Your goal = Only the lines running from the line with "Se reportó la" to the end of the listing below should be copied, exactly, without pictures.

Exercise data =
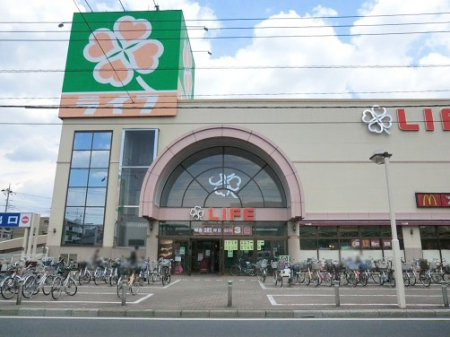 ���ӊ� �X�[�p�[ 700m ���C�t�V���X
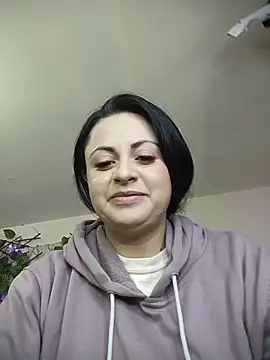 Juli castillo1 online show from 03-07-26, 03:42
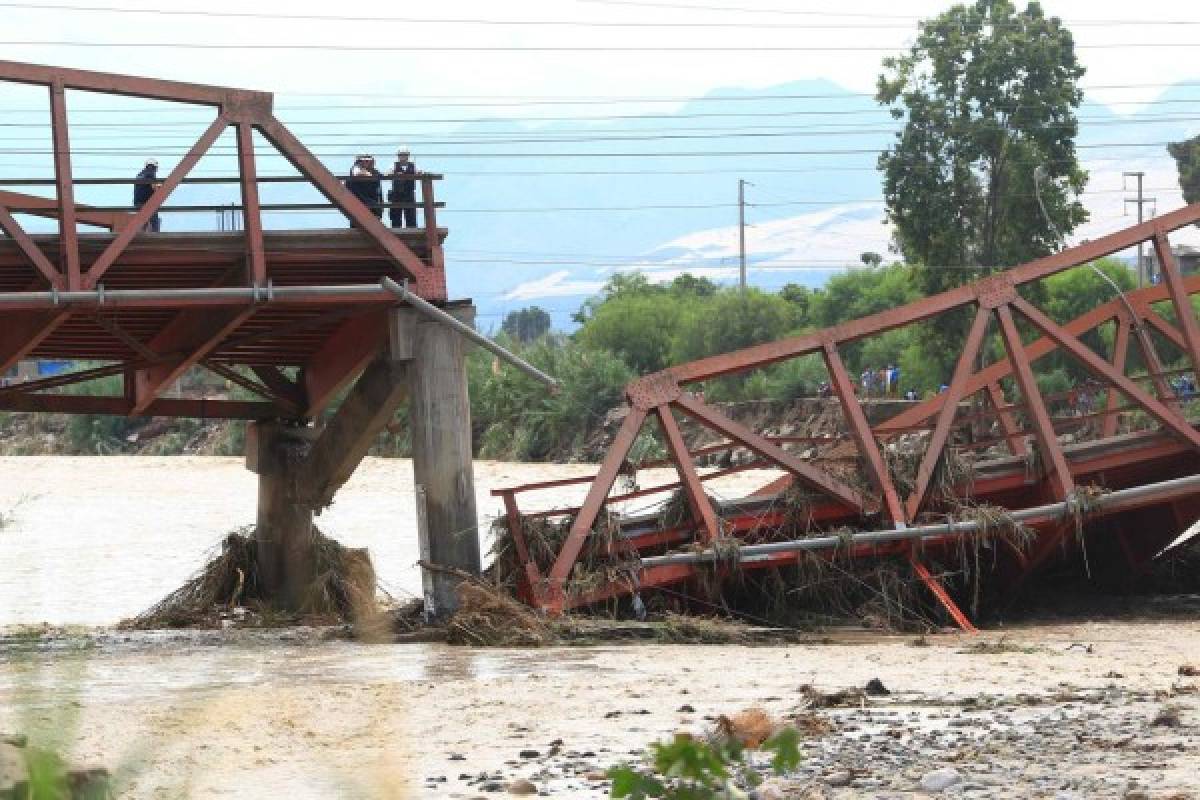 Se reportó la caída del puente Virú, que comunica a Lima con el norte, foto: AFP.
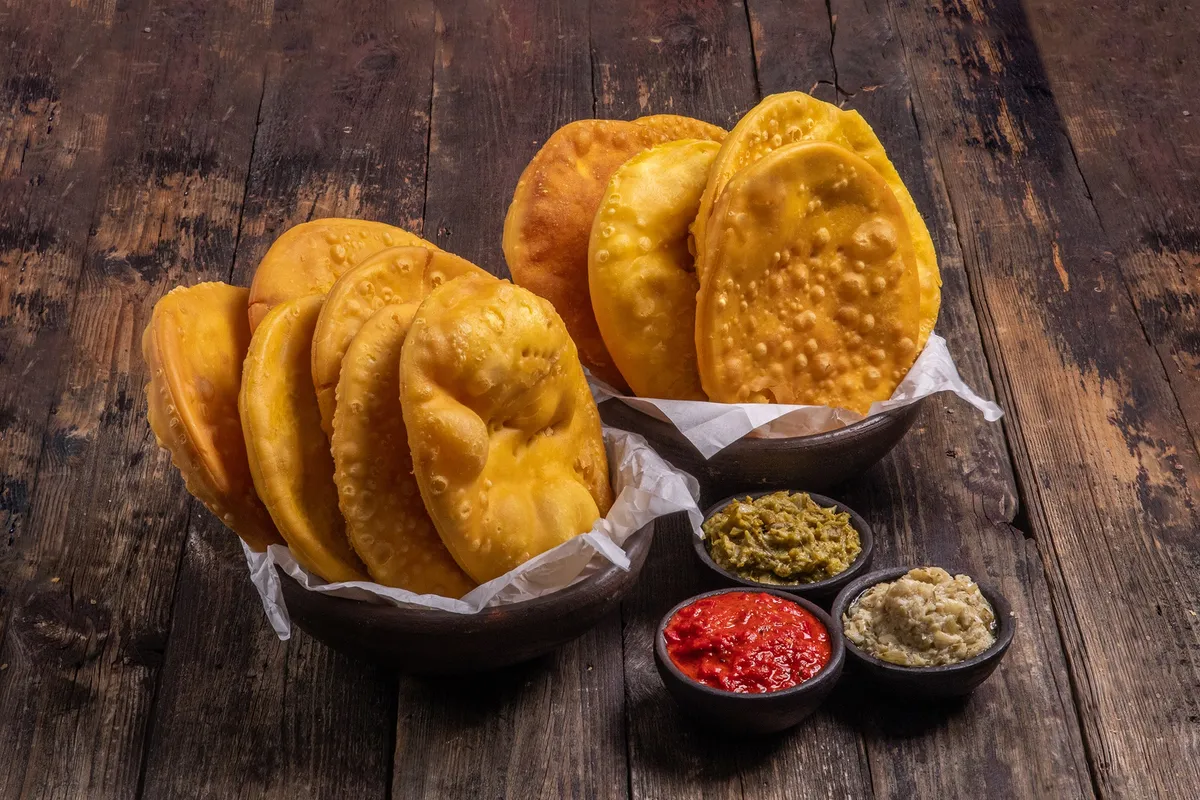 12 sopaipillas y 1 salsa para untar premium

The answer =
 Se reportó la caída del puente Virú, que comunica a Lima con el norte, foto: AFP.
 12 sopaipillas y 1 salsa para untar premium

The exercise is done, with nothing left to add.